Leary, speaking to crowd of college and professional journalists at the SPJ Region 1 Mark of Excellence Awards lunch at Temple University on April 25, said that while the traditional newspaper business continues to falter, as the combination of a deep recession and the loss of classified ads to online competitors turns old revenue models on their heads, he doesn’t think the solution is with the Web alone.
The Internet is not necessarily the answer to monetizing the news.
So what is the answer? No one knows for sure, he says, but it will likely include paid premium content. No matter what, he said, print will be an important component.
As for jobs, it’s an old message: He expects reporters to be literate in the Web while learning to use video.

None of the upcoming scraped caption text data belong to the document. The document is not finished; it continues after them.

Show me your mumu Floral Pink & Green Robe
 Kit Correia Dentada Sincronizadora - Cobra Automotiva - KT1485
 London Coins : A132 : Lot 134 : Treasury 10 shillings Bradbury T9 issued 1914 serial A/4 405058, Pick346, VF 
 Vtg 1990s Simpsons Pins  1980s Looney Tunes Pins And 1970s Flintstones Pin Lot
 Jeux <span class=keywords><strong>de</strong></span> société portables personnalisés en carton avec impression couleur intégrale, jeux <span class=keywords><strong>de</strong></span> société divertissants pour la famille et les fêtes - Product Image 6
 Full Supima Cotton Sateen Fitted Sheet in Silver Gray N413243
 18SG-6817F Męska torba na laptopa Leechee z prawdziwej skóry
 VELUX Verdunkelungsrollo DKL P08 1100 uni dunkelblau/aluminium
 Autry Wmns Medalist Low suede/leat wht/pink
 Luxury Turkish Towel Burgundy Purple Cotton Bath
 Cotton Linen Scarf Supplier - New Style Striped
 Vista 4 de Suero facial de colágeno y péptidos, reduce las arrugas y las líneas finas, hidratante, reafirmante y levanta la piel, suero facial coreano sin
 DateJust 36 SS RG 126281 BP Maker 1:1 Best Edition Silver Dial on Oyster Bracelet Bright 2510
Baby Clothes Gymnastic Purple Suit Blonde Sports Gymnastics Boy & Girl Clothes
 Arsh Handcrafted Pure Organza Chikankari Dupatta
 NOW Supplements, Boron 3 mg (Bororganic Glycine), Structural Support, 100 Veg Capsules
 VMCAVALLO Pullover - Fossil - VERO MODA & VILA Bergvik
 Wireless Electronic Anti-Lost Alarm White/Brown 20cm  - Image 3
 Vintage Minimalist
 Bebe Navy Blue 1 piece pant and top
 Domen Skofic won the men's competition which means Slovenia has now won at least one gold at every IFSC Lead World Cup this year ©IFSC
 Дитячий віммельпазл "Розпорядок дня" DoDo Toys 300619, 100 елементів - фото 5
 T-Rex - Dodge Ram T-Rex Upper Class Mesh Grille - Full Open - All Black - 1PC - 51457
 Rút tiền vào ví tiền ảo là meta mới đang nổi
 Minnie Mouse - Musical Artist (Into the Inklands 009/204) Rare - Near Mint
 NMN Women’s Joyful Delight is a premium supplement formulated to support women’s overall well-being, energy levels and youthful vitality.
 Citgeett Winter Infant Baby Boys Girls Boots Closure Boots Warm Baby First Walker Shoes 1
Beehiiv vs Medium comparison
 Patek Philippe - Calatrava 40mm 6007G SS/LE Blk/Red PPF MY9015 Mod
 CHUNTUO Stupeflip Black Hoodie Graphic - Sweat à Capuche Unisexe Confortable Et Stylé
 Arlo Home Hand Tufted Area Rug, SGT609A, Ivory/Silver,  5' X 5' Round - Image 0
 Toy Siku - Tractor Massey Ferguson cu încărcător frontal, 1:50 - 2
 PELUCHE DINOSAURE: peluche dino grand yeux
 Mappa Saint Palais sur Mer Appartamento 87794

And while everyday people in the right place at the right time, such as during Israel’s invasion of Lebanon and the London subway bombing, increasingly disseminate important information faster than traditional news outlets, Leary says there will always be a place for watchdog journalism.
There is certain news that happens right in front of you. And then there are things people don’t want you to find out about. Uncovering secrets to help change society keeps journalists the guarantors of our freedoms.
PCLI board members Carl Corry and Dominick Miserandino attended this weekend’s SPJ Region 1 Spring Conference at Temple University in Philadephia on behalf of the board. Here are some highlights.
Live and silent auctions raised $988 for the Region 1 Fund, which supports expenses by the Regional Director, who represents more than 1,000 SPJ members in Region 1 — comprised of New England, New York, New Jersey and western parts of Pennsylvania — and helps to establish chapters in the Northeast. Auction items included a trip to four-day trip Orlando, Fla., a $200 certificate to a top Philly restaurant, an original, signed Walt Handelman cartoon and a ride on News 12 Long Island’s helicopter.
Starting in 2011, SPJ will be teaming up with the Radio-Television News Directors Association for a joint national convention in an effort to stop competing for speakers and resources. SPJ President David Aeikens said the goal is to gradually add more journalism group to the mix for the event to become the No. 1 source for professional development. Aeikens stressed that SPJ’s traditions, including the elections, debates, awards dinner and presidential installation, would not be compromised.
The Deadline Club, SPJ’s New York Chapter, proposed hosting the 2010 Spring Regional Conference in New York as a joint effort with Connecticut and New Jersey. They called it an intrachapter regional. Pending approval by the individual boards, New York would spearhead the effort.
Aeikens mentioned that National could run future regionals. He even said the national board is considering doing away with regionals entirely. In the end, the NY proposal won out, contingent on approval by the boards of the three chapters. The next would likely be in Boston, and we may test National running the show there.
Aiekens said the SPJ Executive Board will be considering a retool of the Star Ranking system for regions at its May 15 meeting.
This year’s National Conference will be held Aug. 27-30 in Indianapolis to celebrate SPJ’s centennial anniversary. SPJ was founded in 1909 in Greencastle, Ind.